- Data:

---*---

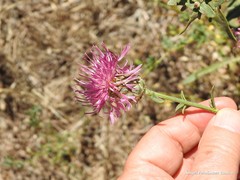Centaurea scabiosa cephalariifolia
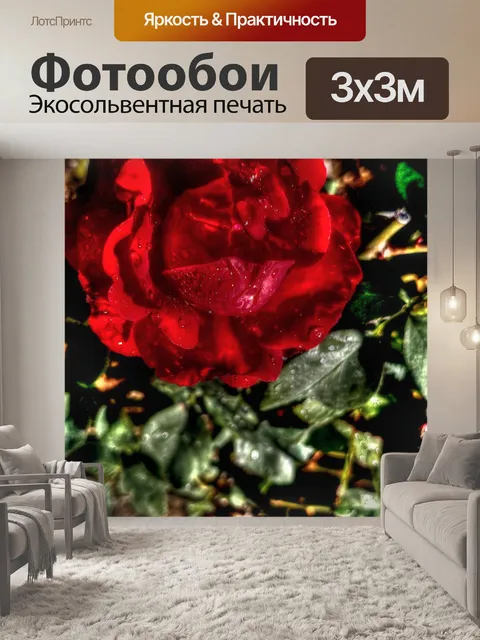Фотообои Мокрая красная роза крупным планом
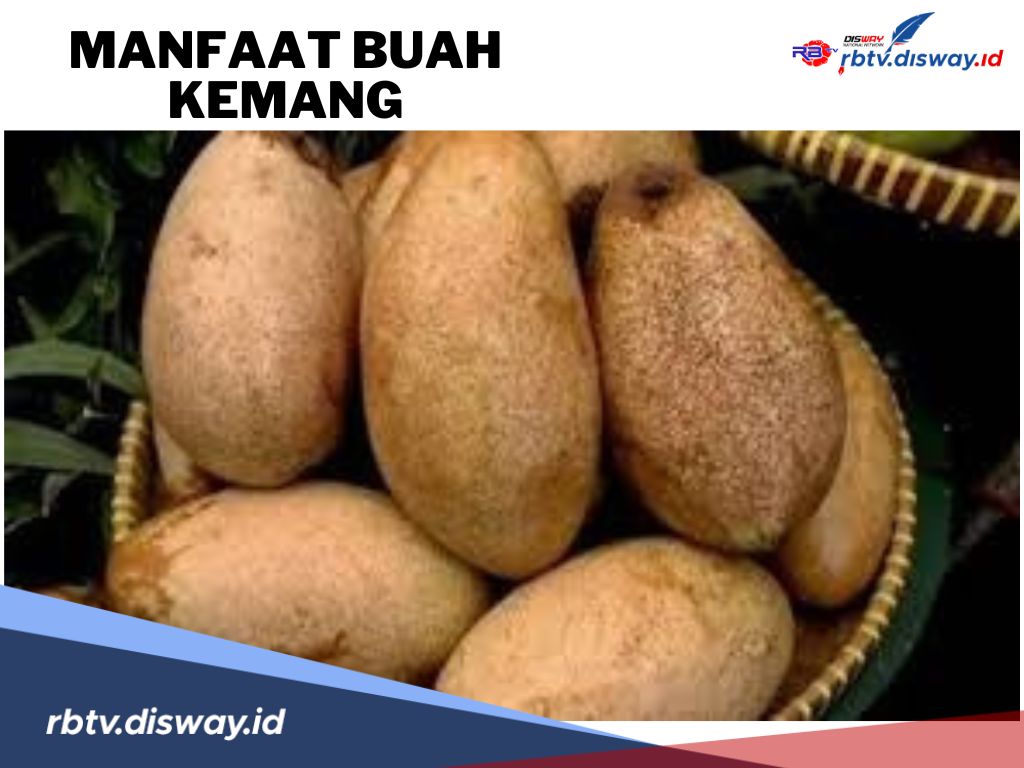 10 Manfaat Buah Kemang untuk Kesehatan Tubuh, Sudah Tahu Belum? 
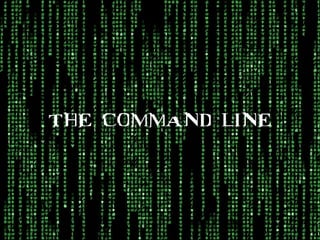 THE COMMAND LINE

---*---

- Task details: A faithful, picture-free copy of the material is what this task asks for.

- Exercise result:
Centaurea scabiosa cephalariifolia
Фотообои Мокрая красная роза крупным планом
 10 Manfaat Buah Kemang untuk Kesehatan Tubuh, Sudah Tahu Belum? 
 THE COMMAND LINE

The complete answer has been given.